P5010181_rちょっとしたところに、こんな壁画や像がある。

P5010182_rしゃれた門塀の上で鳩が見下ろす。

P5010203_rお土産物屋にあったサッシ全景のミニチュア。人もいる。これは圧巻。素晴らしかった。ここで自分用の記念のお土産にサッシの石灰岩で作った置き物を買った。

さて、出かけよう。また車だ。

今日はサッシからアルベロベッロへの日帰り旅行を計画している。

アルベロベッロにはトゥルッリという石組みの家の群集地域があり、ここも世界遺産に登録されている。世界遺産に泊まり、世界遺産を見に行く。

Img_3656_rイタリアの原野を東へ走る。アルベロベッロまではサッシから約70㎞の道のりだ。
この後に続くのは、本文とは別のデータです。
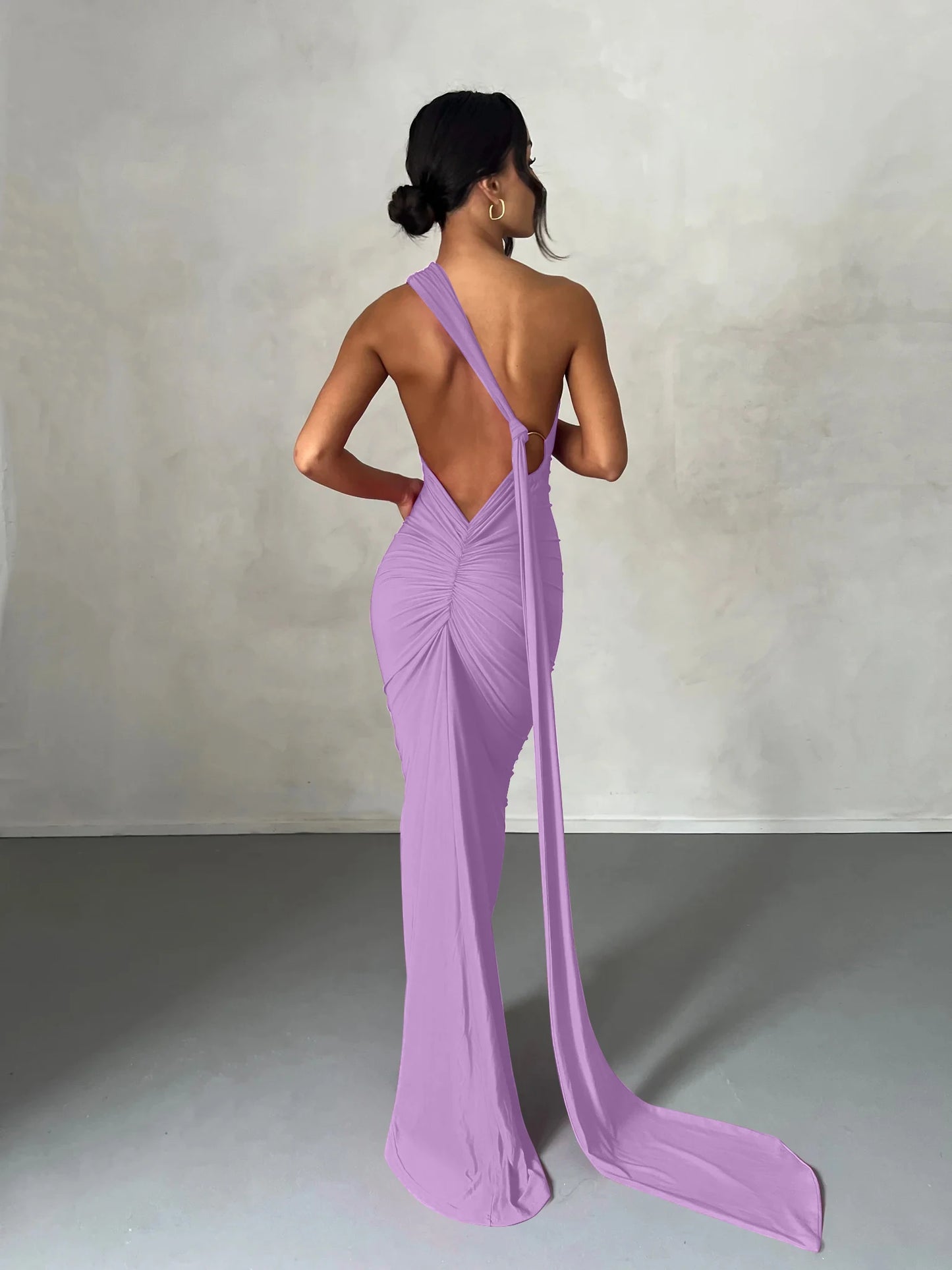 One Shoulder Backless Adjustable Maxi Dress
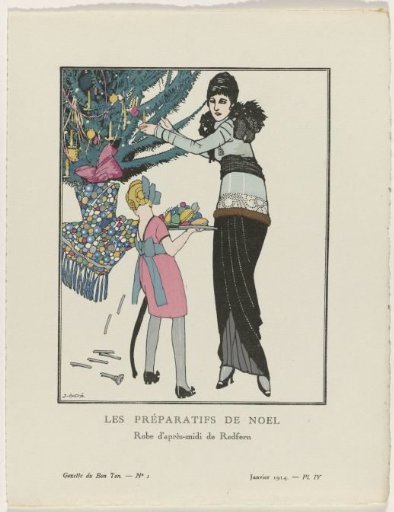 Gazette du Bon Ton, 1914 - No. 1, Pl. IV: Christmas Preparations / Afternoon dress by Redfern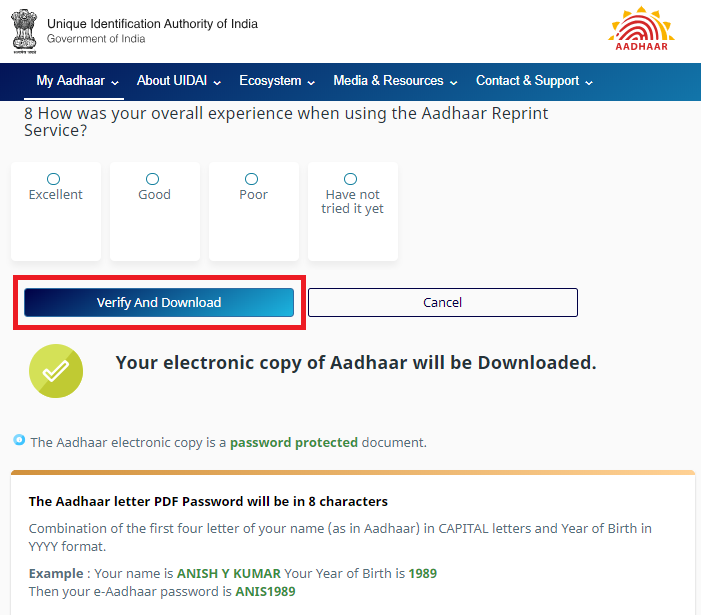 verify and download download electronic aadhaar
Googleマップの出番だ。

ドキドキしながらサッシを出て、マテーラからアドリア海方面へひた走る。

紅の豚のシーンを思い出す。低く飛んでアドリア海へ抜けろ...とか、そんなセリフがなかっただろうか?風にたなびく草が茂る原野。岩が見え隠れする。こんな平原の上をポルコロッソは飛んでなかったか?イタリアだなぁ。

道は、ところどころ不安になるような、畑の中の少し細い道を抜けたり、自動車専用道路のようなところを走ったり、道路工事をしているところでは、びっくりするような細いところを抜けさせられたりしながらも、市中を走ることに比べれば、路上駐車はないし、車も少ないので、比較的楽に走れている。不安だったロータリー交差点もGoogleマップが「ロータリー2番目の出口です」などと案内してくれるので、問題ない。
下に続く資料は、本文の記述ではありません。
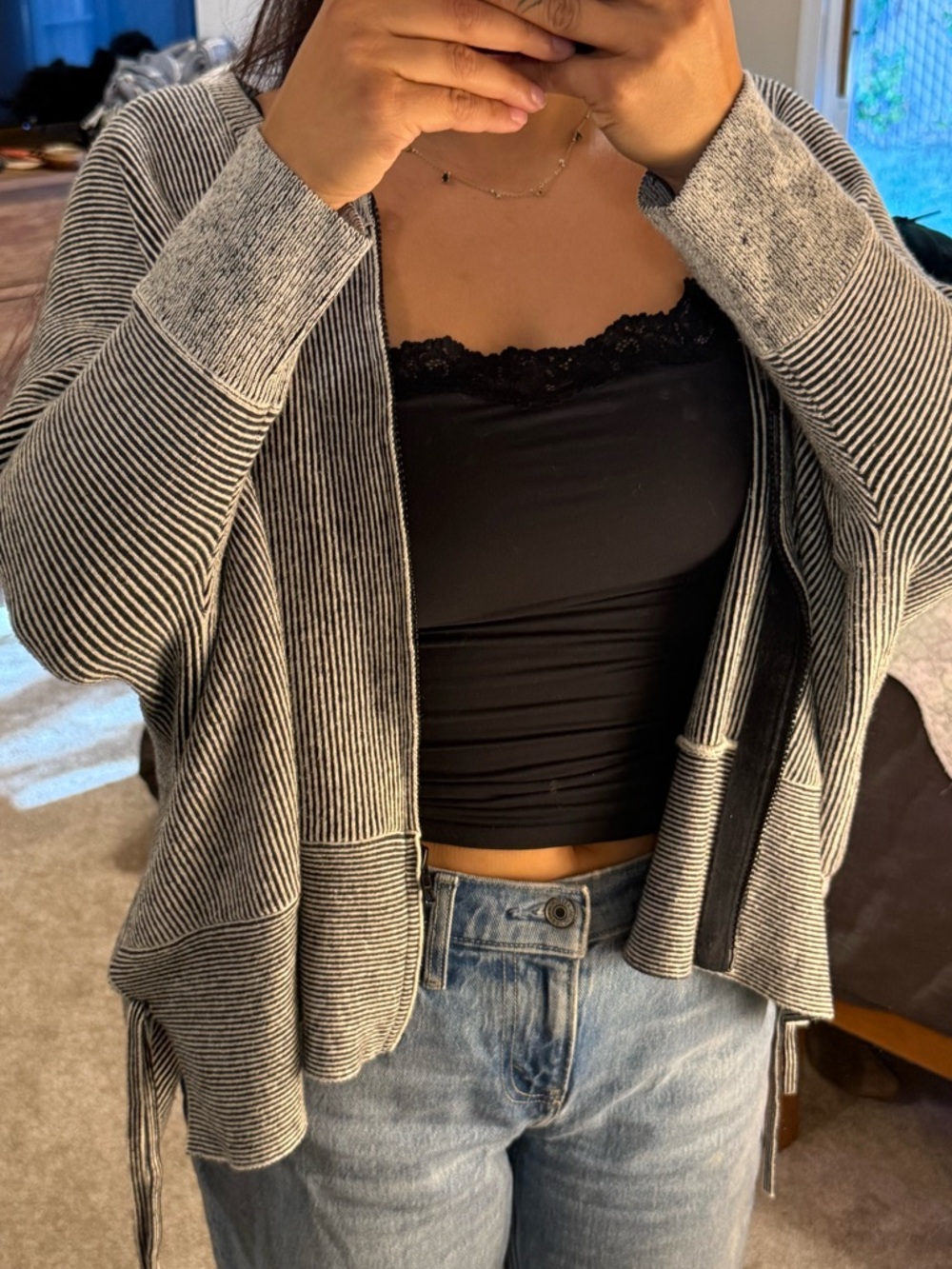 Striped Open-Front Women's Cardigan Sweater - Black & White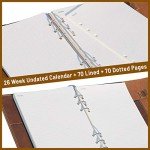 Wanderings A5 6-Ring Refillable Binder/Leather Planner – with Inner Pockets | Genuine Full-Grain Leather | 52 Week Undated Calendar | Filofax Compatible – 6" x 8.5" / 15x22cm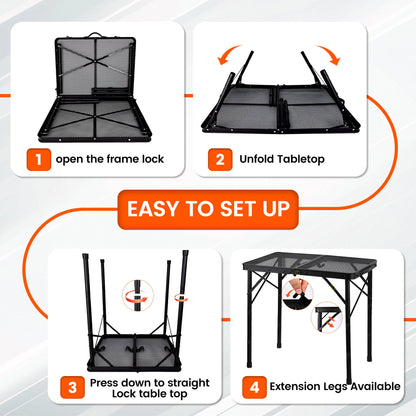 OHHANI Camping Table, Folding Grill Table 3Ft, Portable Outdoor BBQ & Picnic Table, Easy Storage, Black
ところどころ、トルッロ(トゥルッリは複数形とのこと)が道の脇の畑の中や、塀の中に見え始めた。間もなくアルベロベッロだ。

Googleマップの案内通りに走っていると、まさにトゥルッリの中に誘導された。駐車スペースはいくらかあるが、すでに埋まっている。道も細い。ウロウロしているだけで疲れてしまう。周りのトゥルッリの景観もまったく集中できない。

本当にイタリアの街中は走りにくい。古い街だから、自動車が前提になっていないんだろうな。
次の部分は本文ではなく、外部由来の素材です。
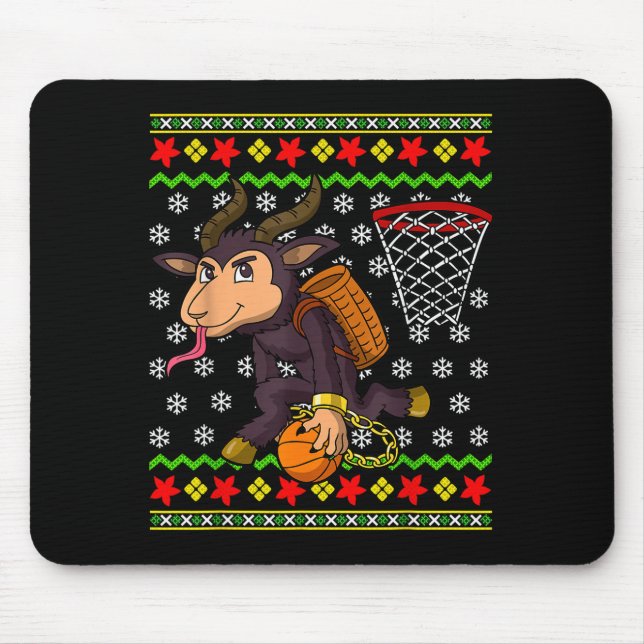 Ugly Christmas Sweater Pattern Kids Krampus Basket Mouse Pad (Front)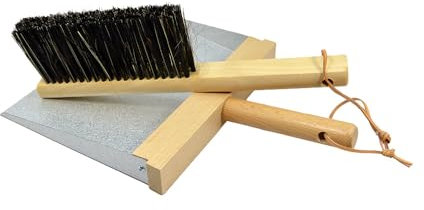 Holz Handfeger und Schaufel - Handfeger mit einem Lederschnur aus echtem Leder - Kehrblech und Handfeger aus Verzinktem Stahl - Kehrschaufel Metall mit Mischung aus Rosshaar und Kunsthaar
一旦トゥルッリを抜けて、来た道を少し戻り、大きなバスの駐車場の脇に車を停める。明らかに駐車違反だが...まぁ大丈夫かな?と考える。少し迷いつつ、一旦はトゥルッリに向けて歩き始めたのだけれど、やっぱり不安。

すると、大きな駐車場が目に入った。不安は解消しよう。

車をとりに戻り、有料駐車場に入れる。未舗装の空き地のようなところ。一応誘導員が何人かいるのだけれど、まったくもってお...日本のシルバー人材の方々の誘導の方が相当に優れている。要領が悪い。ほんと、不思議な国民性だ。

なんとか車を停めて、トゥルッリに向かう。

P5010209_r雨だ。晴れ男と言われる僕なのだけれど、今回の旅は全体的に天気が優れなかった。

が、

P5010239_rほら、ちゃんと晴れた。

やはり、真っ白なトゥルッリの壁は青空に映える。

トゥルッリは石組みの家で、そのとんがり帽子の屋根が特徴的だ。

P5010210_r家の中から天井を見上げるとこんな感じ。石を組み上げて作られている。

この屋根は、地主の税金対策だったそうだ。視察があれば、屋根を壊して、ここは家ではない、と主張して、それが終わればまた石を組み上げて屋根を作る。非常にご苦労な話だ。小作人はここでも苦労していたんだな。サッシも、トゥルッリも、世界遺産として今は観光客があふれているけれど、決して幸福な時代を生きた街ではない。少し複雑な気分にもなる。

このトゥルッリは、実際に今も生活している人がいる。

その一人に日本人がいる。陽子の店、と、入り口に書かれたお土産物屋がそれだ。

Jに「楊枝の店があるぞ」と言ったら、「陽子でしょ。」と笑われた。確かに陽子の店だった。イタリアに楊枝の店があったら、それはそれで面白かったのだけれど。

締まっているのかな?玄関を覗いていると、扉が開いて、陽子さんが出てきた。ここは屋上があって展望がいいから、是非見ていって!とのこと。

このお店で、陽子さんの上手な口に乗ってたくさんお土産を買いこんだが(日本のバラマキお土産用)、確かにここの屋上はほかに人もおらず、落ち着いてトゥルッリの風景を見ることができた。

日本の観光客にはおすすめの場所だ。トゥルッリの内部構造(井戸もある)も見せてもらえるし、説明もしてもらえる。

陽子さんは観光でここを訪れ、イタリア人の旦那さんに求婚されて、ご結婚。それ以来こちらにお住まいとか。こんなところに日本人、というTV番組があるけれど、本当にいろんな人生があるなぁ。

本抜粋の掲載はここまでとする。